Until that key reveal, a central theme of the movie, the legacy of Ra’s Al Ghul, could not be fully explored. Talia’s whole plan to destroy Gotham was intended to do what her father had failed to. As the man who trained Bruce, Bane, and Talia (and made a cameo appearance in Bruce’s dream), it seemed that Ra’s legacy was intended to have played a larger role. I think the film could have benefited from more emphasis on the fact that both Batman and his foes had been trained by Ra’s, and examining where their ideologies diverged. It would have played up the two-sides-of-the-same-coin dynamic that made the Joker such a perfect foil to Batman.
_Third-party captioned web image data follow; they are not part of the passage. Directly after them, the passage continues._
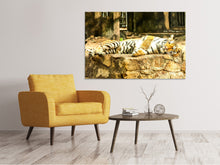 Lade das Bild in den Galerie-Viewer, Leinwandbild Der Sibirische Tiger
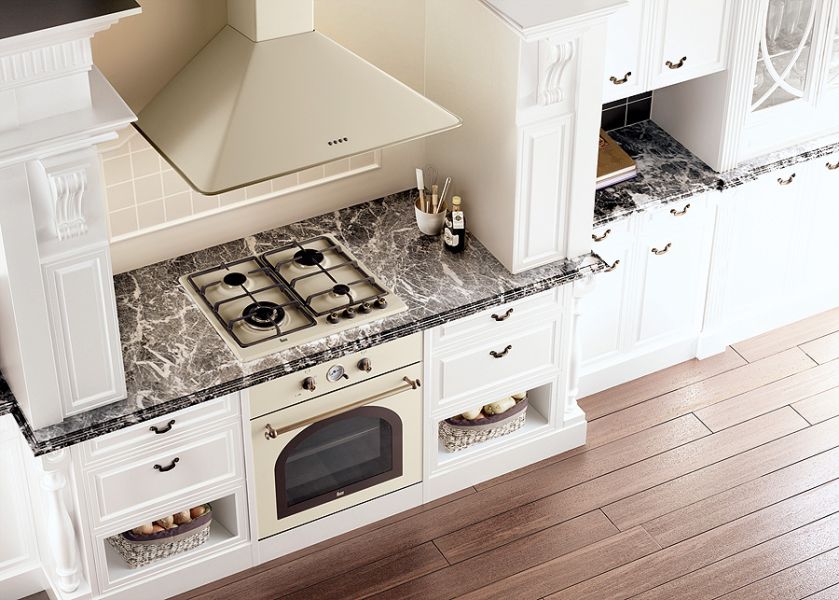 Piekarnik wielofunkcyjny HR 750, 1999 zł, płyta gazowa EH 60 4G AI AL TR za 999 zł, okap DOS 90 w cenie 979 zł, Teka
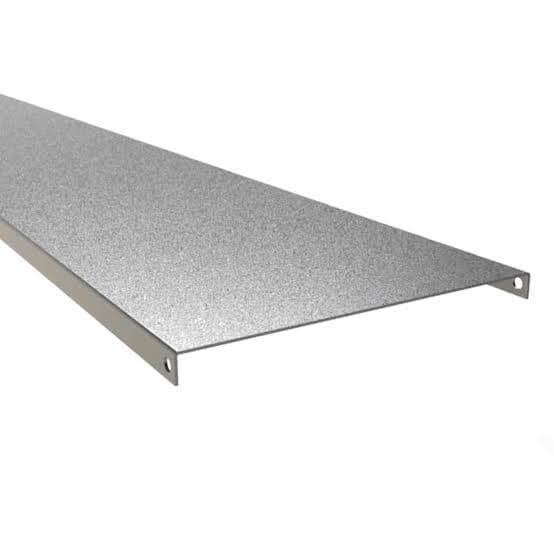 METALLIC CABLE TRAY COVER 100MM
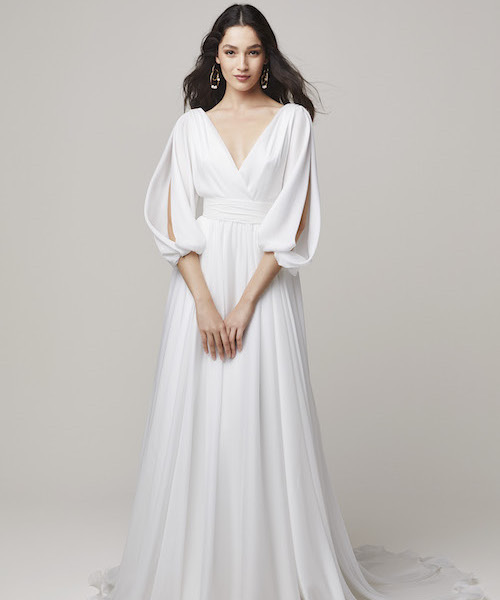 robe empire mariage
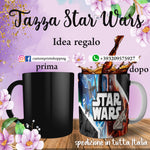 TAZZA STAR WARS PERSONALIZZABILE CON IL TUO NOME MOD.11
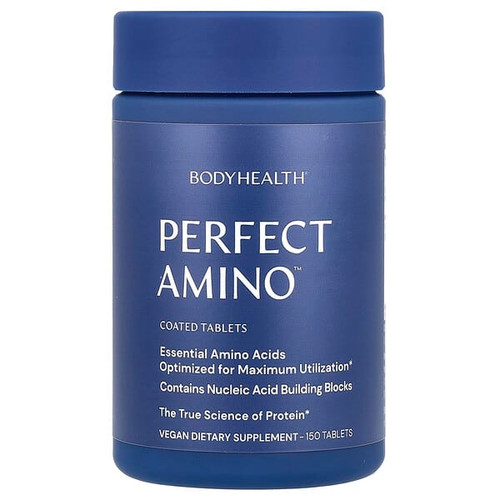 <img alt="BodyHealth, Perfect Amino, 150 Coated Tablets" title="BodyHealth, Perfect Amino, 150 Coated Tablets,850039655548"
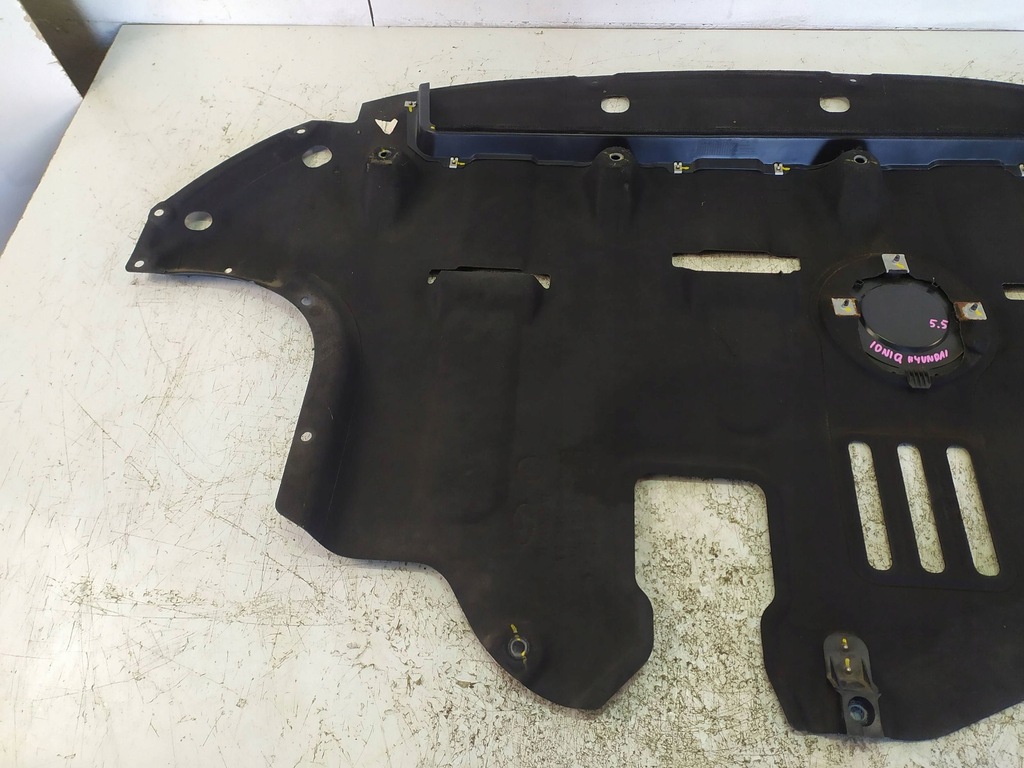 фото №13, Плита захист бампера hyundai ioniq мат 29121g2000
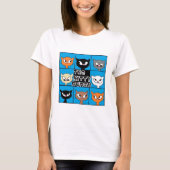T-shirt Le Kitty Bunch Joli Amoureux des chats T Shirt (Devant)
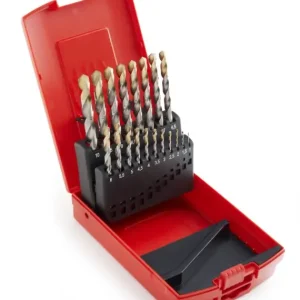 Aanbieding Serie di 19 punte per trapano HSS DIN 338 rivestimento al Titanio Dormer A095201 Serie A002 r r r r
dettagli r r r Punte di alta qualità, codolo cilindrico, serie corta, taglio destro r Contenuto punte mm 1-10 x 0,5 r tagliente rivestito al Titanio r r
", "sku" "09702103", "brand" { "@type" "Thing", "name" "DORMER" }, "offers" { "@type" "Offer", "priceCurrency" "EUR", "price" "71.75", "itemCondition" "http //schema.org/NewCondition", "availability" "http //schema.org/InStock", "url" "https //www.toolshopitalia.it/shop/punte-hss/serie-19-punte-trapano-hss-din338-1-10-titanio-dormer-a095201", "seller" { "@type" "Organization", "name" "ToolShop Italia - Ferramenta Online" } }
}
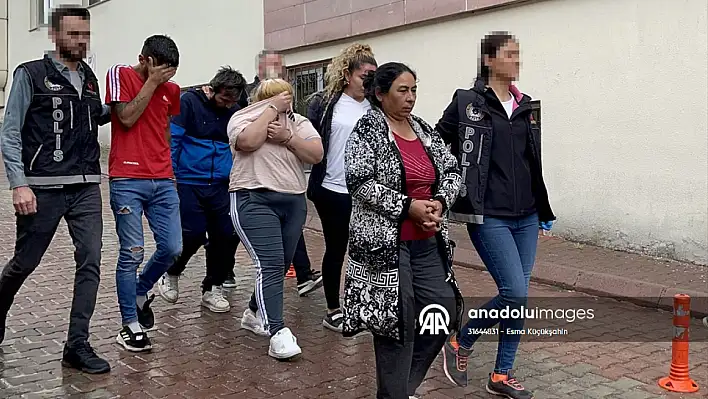 Kayseri'de uyuşturucu operasyonunda yeni tutuklamalar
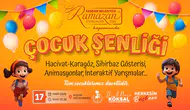 Akşehir Belediyesi’nden çocuklara bayram arifesinde unutulmaz etkinlik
But the things the film didn’t do are minor compared to the things it accomplished. As with most of Nolan’s projects, Rises was cinematically impressive, especially the action sequences. The fierce combat between Batman and Bane, and the fantastically-choreographed scenes of Batman and Catwoman fighting side-by-side make the film worth seeing on their own. No scene felt more epic than when the police joined with Batman to take Gotham from the criminals, except for perhaps Bane’s destruction of Gotham’s football field.
The cast delivered fantastic performances all around. Christian Bale, stepping into his hoarse bat-voice once more, was at the top of his game as both Batman and Bruce Wayne.
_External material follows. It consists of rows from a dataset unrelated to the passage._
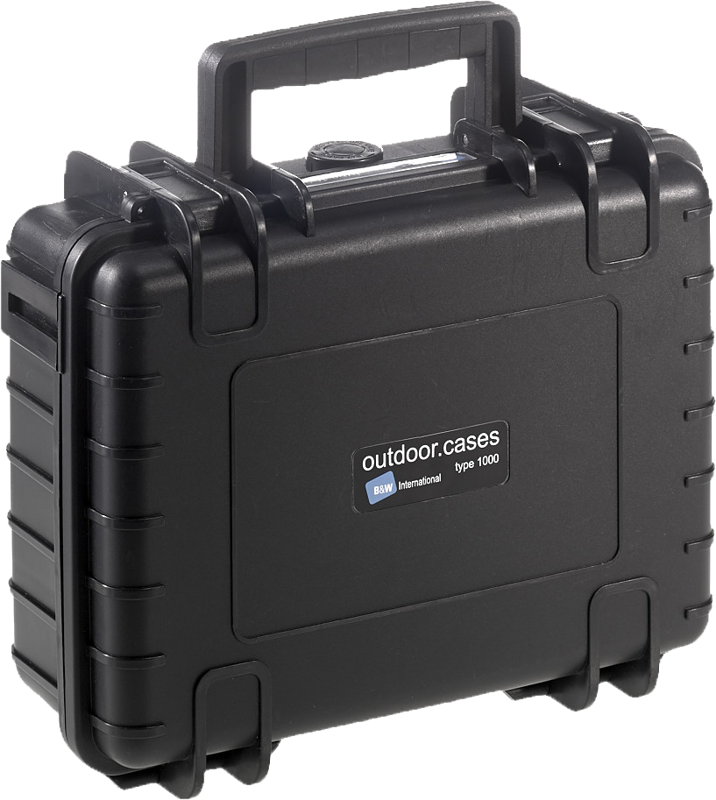 BW Outdoor Cases Type 1000 / Black (empty)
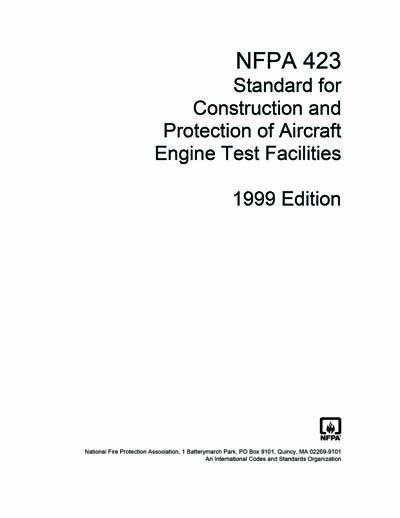 NFPA 423-1999 - NFPA 423: Standard for Construction and Protection of ...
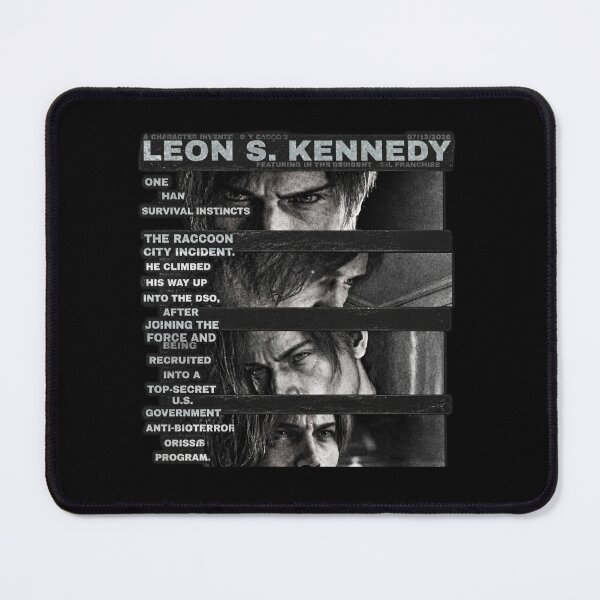 Item preview, Leon Kennedy designed and sold by derricwise.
Hardy’s Bane receives nearly as much screen time as Batman and, though he’s no Joker, I found him very compelling. Towering above Batman and assured in his total superiority, Bane was a villain worthy of facing the Dark Knight, played charismatically and intimidatingly by Hardy.
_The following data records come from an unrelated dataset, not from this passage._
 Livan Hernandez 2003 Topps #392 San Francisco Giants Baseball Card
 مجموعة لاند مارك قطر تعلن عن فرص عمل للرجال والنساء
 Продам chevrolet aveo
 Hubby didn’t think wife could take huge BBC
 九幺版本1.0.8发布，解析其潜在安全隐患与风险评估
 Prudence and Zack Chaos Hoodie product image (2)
As the wry and seductive cat burglar Selina Kyle, Hathaway stole every scene she was in, pun unintended. And Gary Oldman continued to prove himself as an indispensable part of the franchise as the ever-vigilant Commissioner Gordon came to grips with the lie he had perpetrated about Harvey Dent.
Joseph Gordon-Levitt’s character John Blake proved to be more central to Rises than I had anticipated. The reveal of Blake as Robin, though made painfully obvious for any comic fan early on in the film, still managed to give me fanboy-chills. As the film progressed, Blake learned that right and wrong are never as simple as they seem, and in order to do what’s right, sometimes you need to work outside of the system. It was clear that the character was building towards that pivotal final scene, in which Blake discovers the Batcave and begins his own journey towards becoming a hero.
Of course the most important character arc of the film, and the part the narrative handles best, is the journey of Bruce Wayne / Batman. Crippled mentally and physically after his years in exile, Batman comes out of the shadows only to be broken and left for dead at the bottom of a pit. From his very lowest, Batman rises, both literally and figuratively, to once more become the hero Gotham needs him to be.
Forced to put everything on the line for his cause, Bruce rediscovers what made him a hero. When the battle is won, and we see that he has survived and has made a life for himself with Selina, it is clear that his journey has come full-circle. He rose as Batman, and for his ceaseless sacrifice and dedication to Gotham, was allowed to finally be Bruce Wayne. Now “Robin” John Blake, inspired by Bruce’s legacy and the symbol of the Batman, can take up the mantle. Gotham’s new champion rises.
In The Dark Knight Rises, Nolan has created a worthy bookend to his Batman trilogy. We’ve seen the full journey of Bruce Wayne. Batman began, he fell, and he rose.